The year so far has been a good one for South African companies on the gender transformation front, with statistics seemingly moving in the right direction for the first time in recent history, and notable appointments of women to top leadership positions. The good news stories are not the full picture however, as too many companies still battle to effect meaningful and sustainable change in the gender makeup of their top leadership teams, an expert says.
“The appointment of two black women to the CEO positions of two heavyweight SA companies was a noteworthy demonstration of corporate South Africa’s commitment to gender transformation. This is positive news, particularly in light of statistics that show women landing 52% of senior leadership roles in 2018, overtaking men for the first time since 2015,” says Advaita Naidoo, COO of Jack Hammer, Africa’s largest independent executive search firm with offices across the continent as well as Los Angeles.
Given the fact that the data* further showed that 2018 was not an outlier, with appointments of women consistently rising year-on-year from 26% in 2015, to 32% (2016), 38% (2017) and ultimately 52% last year, the perception might be that the transformation item on the to-do list of SA companies is now well and truly ticked, and that attention can move to more pressing concerns.
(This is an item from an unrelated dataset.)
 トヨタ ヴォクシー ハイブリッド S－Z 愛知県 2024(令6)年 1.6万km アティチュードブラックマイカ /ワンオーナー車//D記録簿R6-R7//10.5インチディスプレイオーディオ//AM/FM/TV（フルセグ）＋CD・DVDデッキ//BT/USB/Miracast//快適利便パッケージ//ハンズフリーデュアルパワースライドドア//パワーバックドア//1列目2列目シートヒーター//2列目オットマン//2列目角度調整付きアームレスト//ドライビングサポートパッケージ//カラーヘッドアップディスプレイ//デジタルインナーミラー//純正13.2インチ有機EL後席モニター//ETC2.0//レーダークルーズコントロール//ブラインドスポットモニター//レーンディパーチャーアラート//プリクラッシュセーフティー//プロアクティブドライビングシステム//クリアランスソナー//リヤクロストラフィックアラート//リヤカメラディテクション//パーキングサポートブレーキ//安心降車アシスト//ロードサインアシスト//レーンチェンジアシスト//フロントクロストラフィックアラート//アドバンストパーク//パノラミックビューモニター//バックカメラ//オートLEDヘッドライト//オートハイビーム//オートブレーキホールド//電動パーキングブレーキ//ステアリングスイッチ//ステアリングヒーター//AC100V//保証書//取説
“Unfortunately, although the big picture looks positive, the devil is still there in the detail, and we are seeing too many companies still struggling to find great female leaders for their top teams, despite their best intentions and desire to do so,” says Naidoo.
“Make no mistake, the commitment is there, but when it comes to execution, many companies are still wide of the mark. In particular, when you look at their leadership pipeline, the odds that they will be in a position to appoint a woman in one of their most senior positions are still way too slim.”
Naidoo says there are two indicators of a company’s potential to effect meaningful gender transformation, namely having women in strategically influential executive roles, as well as strong female representation at non-executive board level.
“To use a sports metaphor – you can’t score runs if you don’t swing the bat. Translated, this means that if companies are truly motivated to try to shift the needle on the gender demographic when it comes to CEO and senior supporting roles, they have to start populating their executive teams with a sufficient number of women in relevant roles. In other words, don’t wait until a position opens up to start searching for the leader. Instead, make sure you have the leaders lined up and ready to step in when the position opens,” says Naidoo.